Providers on Tuesday began drilling down into the details of the Center for Medicare & Medicaid Services’ new Patient Driven Payment Model, questioning how the 4-day-old reimbursement formula will influence therapy services.
CMS officials were asked to explain how patients receiving some types of therapy but not others — or none at all — would be categorized in the new case-mix classification during a SNF Open Door Forum conference call, according to attendees.
The proposed system, unveiled Friday in a 266-page document, reduces the number of classifications from a previously floated system by 80%.
If this system goes into effect as proposed in October 2019, skilled nursing providers will have to categorize residents across five categories, including two nursing case mixes (nursing and non-therapy ancillary) and one each for physical therapy, occupational therapy, and speech-language pathology.
Regardless of whether a resident receives a certain therapy type, he or she would be rated in that category to create an aggregate mix and determine the corresponding reimbursement rate.
Providers also questioned the model’s variable per-diem rate, which shifts downward over the length of a stay, starting after Day 20 for physical and occupational therapy patients.
“Constant per diem rates, by definition, do not track variations in resource use throughout a SNF stay,” the proposed rule reads. “We believe this may lead to too few resources being allocated for SNF providers at the beginning of a stay.”
The proposed model trims PT, OT and non-therapy ancillary pay over specific periods, while pay for speech language and nursing services would hold steady throughout a stay.
One provider questioned how the system would account for residents who suffer catastrophic events, such as strokes, that sometimes require more intense therapy days or weeks after admission, once the resident has regained strength.

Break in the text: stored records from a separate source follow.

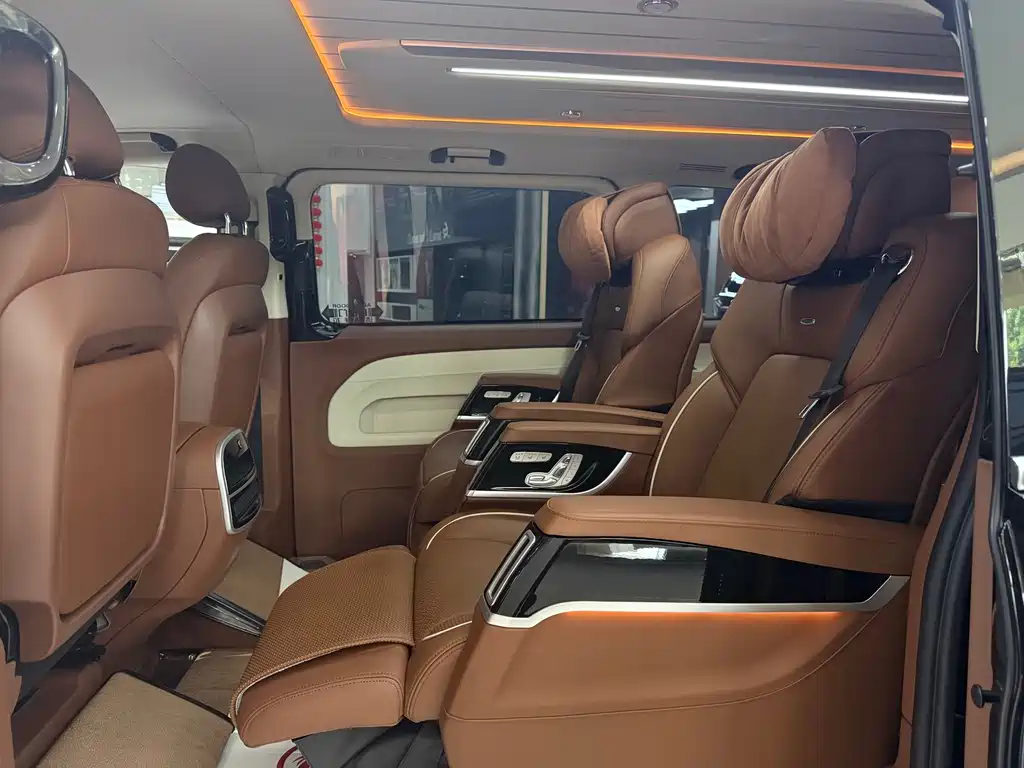 Vito 2023 2.0T Business Edition 7 seats купить на сайте DeffCars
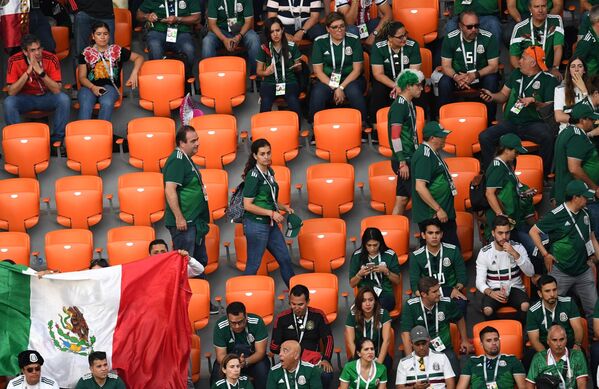 Người hâm mộ đội tuyển quốc gia Mexico rời khỏi khán đài trong trận đấu vòng bảng của World Cup bóng đá giữa các đội tuyển quốc gia Mexico và Thụy Điển ở Ekaterinburg - Sputnik Việt Nam
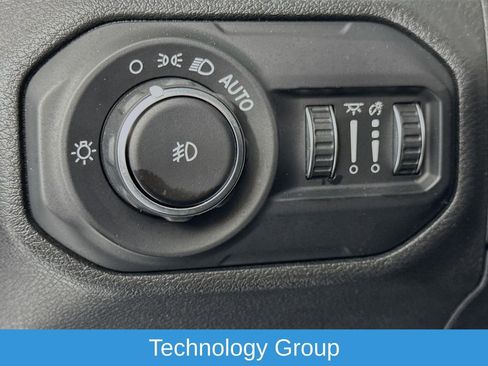 Used 2021 Jeep Wrangler Unlimited Sport image 12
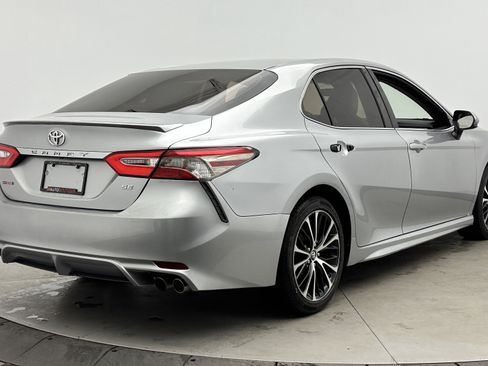 Used 2018 Toyota Camry SE image 7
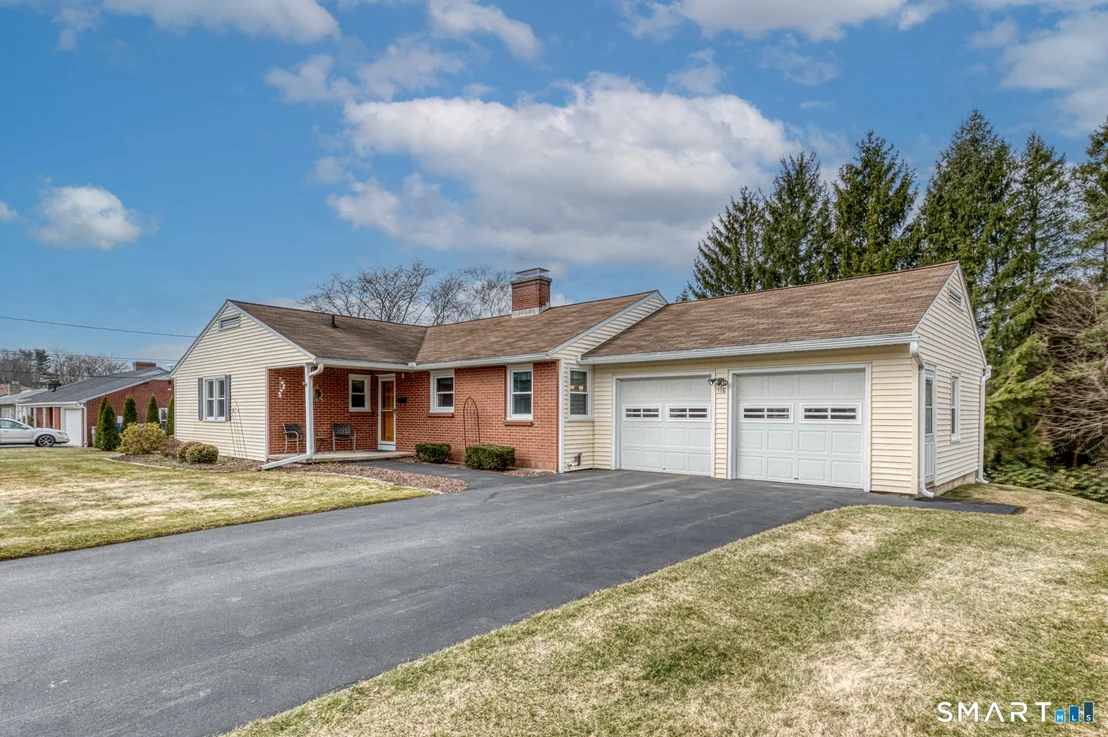 Photo of 116 Fairlawn Drive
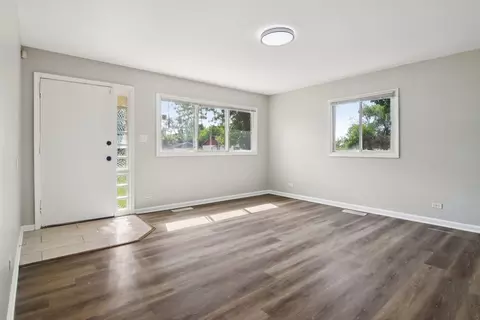 Living - 15444 Albany Ave, Markham, IL 60428 photo 1 of 5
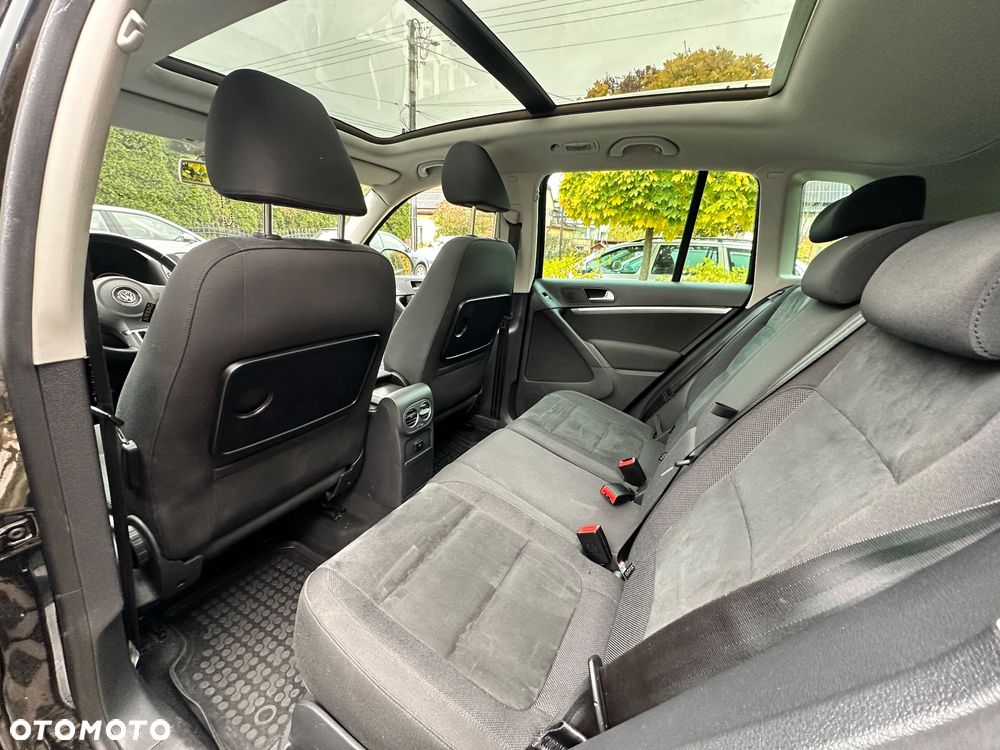 Volkswagen Tiguan - 9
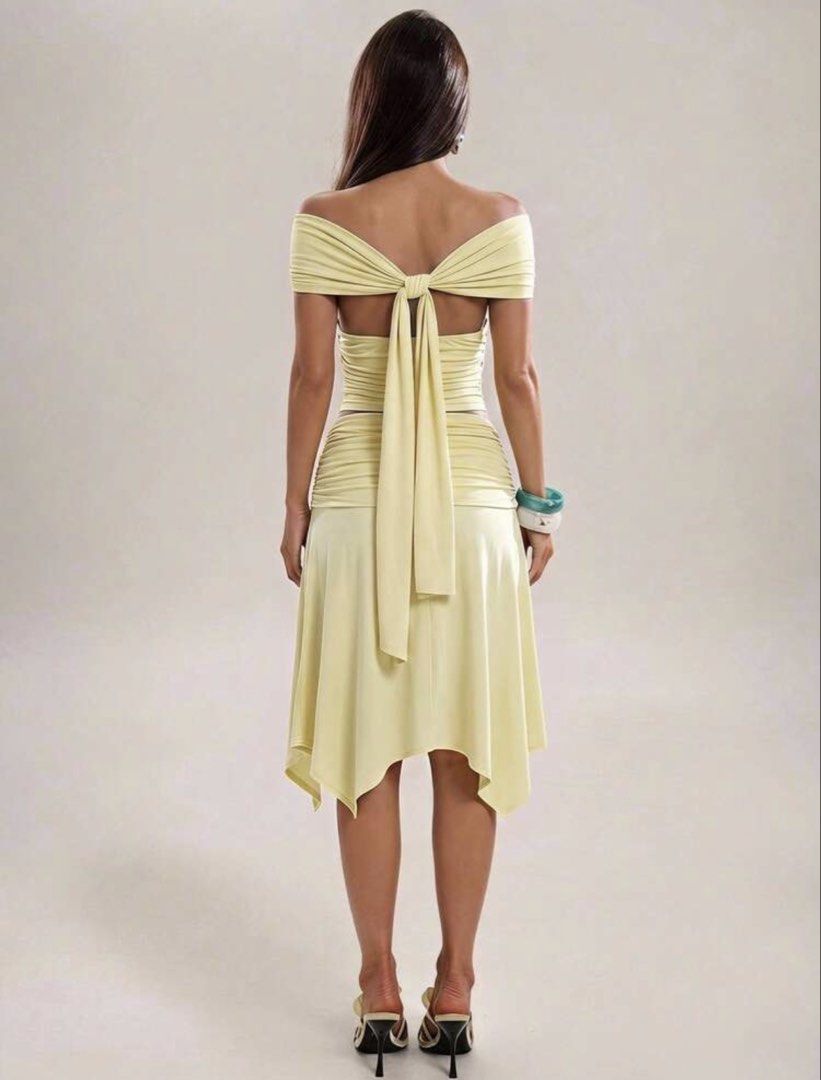 Yellow 2-piece set (Category: Sets or Coordinates) located in Cavite. Submitted by carms.closet (Listing ID 1466818880, Image 2). Description: • Used once • XXS.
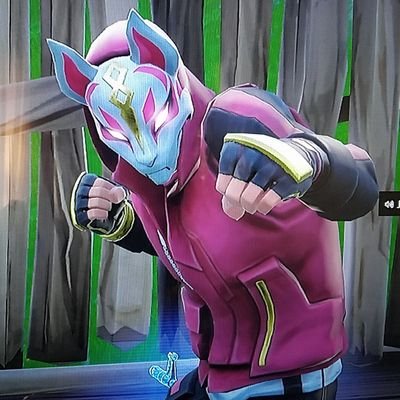 Profile Picture of JustNobody (@MichaelLadue11) on Twitter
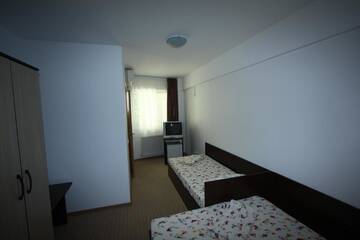 Фото номера Трехместный номер Отель Hotel Basarab г. Бухарест 4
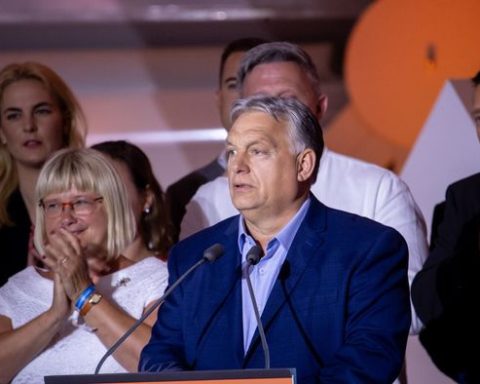 Ungarns statsminister Orbán hyller EU-valgseieren som et mandat for fred og mot innvandring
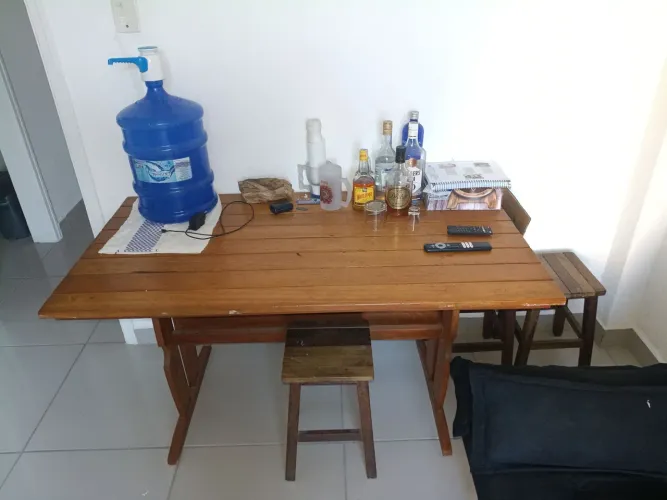 Mesa em madeira com 6 panqueca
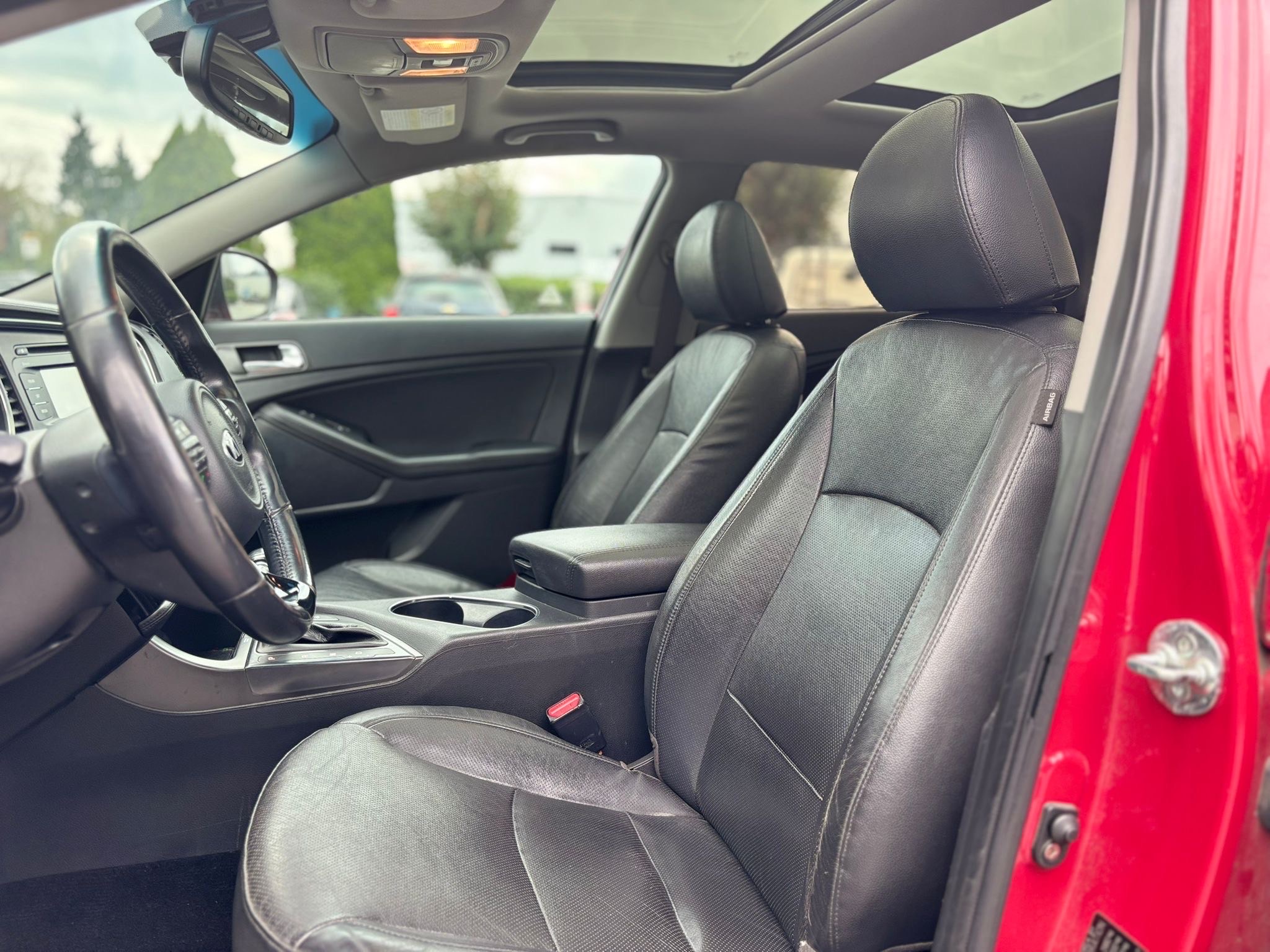 /canwestautoinc/2014-Kia-Optima-9764628560761475.jpg
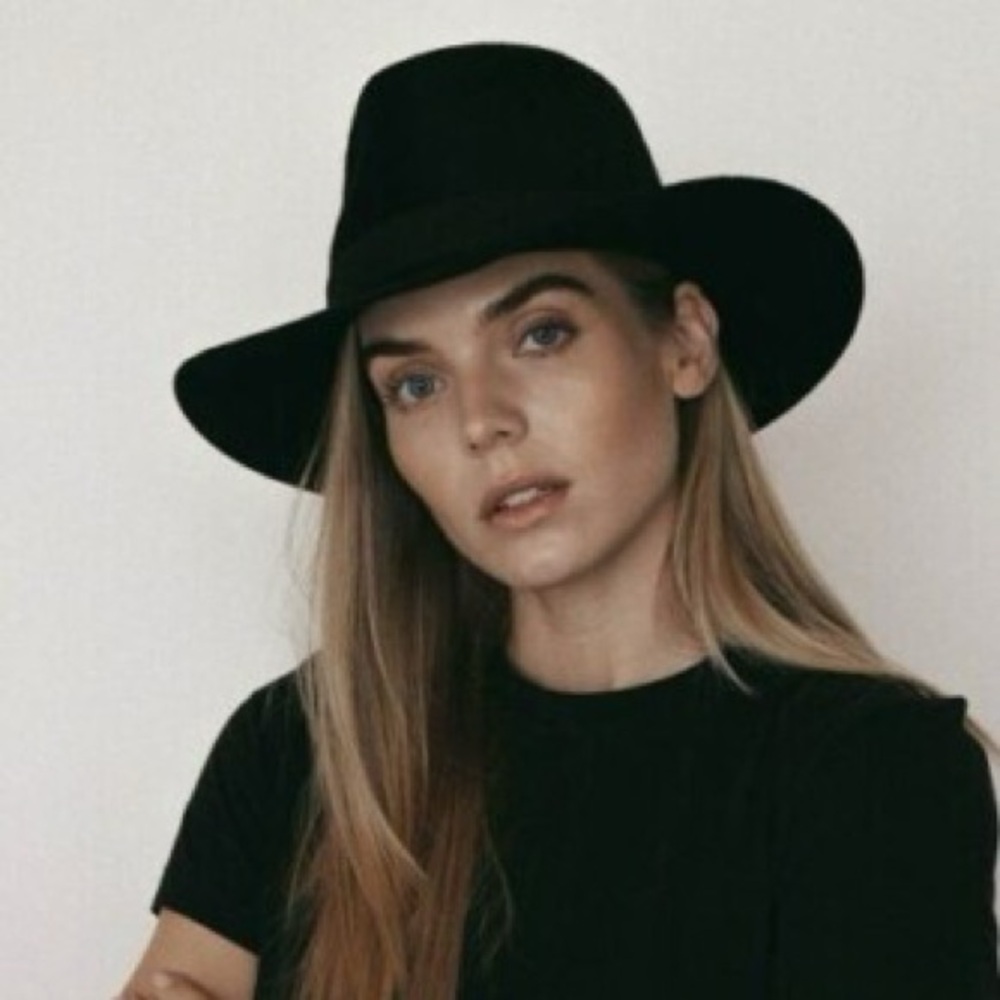 Janessa Leone black wool fedora hat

CMS SNF team leader John Kane did not answer that specific query, but he encouraged providers to submit such questions as comments on the proposed rule, which will be taken through June 26.
In addition to per-diem variations for therapy services, providers in urban or rural settings would also have different rate factors. The system was tweaked to specifically help rural providers better, officials have said.
Additionally, CMS would add another 18% to the nursing per-diem payment for residents who have HIV/AIDS.
Those payments would then be added together along with the non-case-mix component to create a resident’s total per-diem rate.
One thing that gets less focus in the new model — intentionally so — is billable therapy hours. According to listeners, Kane confirmed that hours would only need to be submitted as part of a discharge assessment, and would be used to determine whether the expected level of therapy falls off or increased after a switch to the PDPM.
The new system includes no minimum or maximum hours or artificial cut-offs.
“The minimum amount of therapy that should be delivered to SNF patients is the amount that they need,” Kane told conference call listeners.